It seemed strange that he was so reluctant to provide me his password, instead trying for at least fifteen minutes to repair the corrupted file while on the phone. Eventually, he began to understand his original was the only option and I sensed he knew not providing the password would raise more questions. Finally, I gave him my word I wouldn’t ‘screw up his PC’ and it would be just me that would retrieve it. He finally spelled out the obscure series of numbers and letters I needed and I was looking at his well-organized desktop.
By this point, I found it amusing. He was now more than willing to help direct me quickly and efficiently to the appropriate folder. I found the file and he requested numerous times for me to properly ‘lock’ his machine before leaving it. I did and with that, he seemed to breathe a sigh of relief. Unfortunately for him, my curiosity had been piqued.
Despite being an attractive, young female, I’m not an idiot. I know the things that boys do on computers and could only assume James didn’t want anyone to know what he had been up to. Then again, maybe it was something else.
Looking back, if it were anyone else, I wouldn’t have cared. In fact, if it had been some of the men in the office, I would have tried my best to forget about it. But with James… curiosity was getting the better of me. What was he hiding?
I waited until 5 o'clock, when nearly everyone had left. I made my way back to his desk and sat down in his chair. The soft leather cradled me as I felt a spark of excitement building deep down. I was intrigued by what I might find or learn about him. He was married, maybe he was having an affair. Maybe it was just porn, but then what type?… what smut did he like looking at… what did a guy like James get off to?
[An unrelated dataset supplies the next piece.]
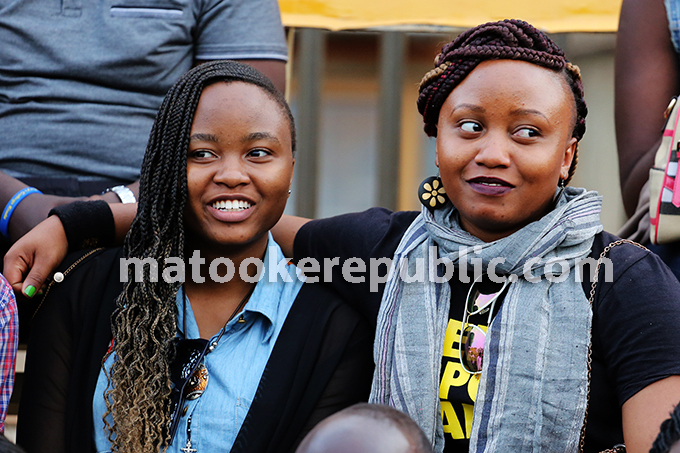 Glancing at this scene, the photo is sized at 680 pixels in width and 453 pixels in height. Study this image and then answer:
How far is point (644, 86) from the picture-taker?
2797mm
I looked around. The office was quiet. I could feel my heart racing. I knew this was very wrong, on many levels, but I had to know.
It took me a few tries to remember his password exactly but I’m blessed with a memory for that sort of thing, despite its complexity.
Again, I found myself staring at his neatly organized desktop. The first several minutes turned up nothing. In fact, it made him seem rather boring. His My Documents folder was practically empty as was his internet browsing history and recent documents. Maybe a bit too clean? He was definitely nervous to allow me access so there must be something. I started to get creative.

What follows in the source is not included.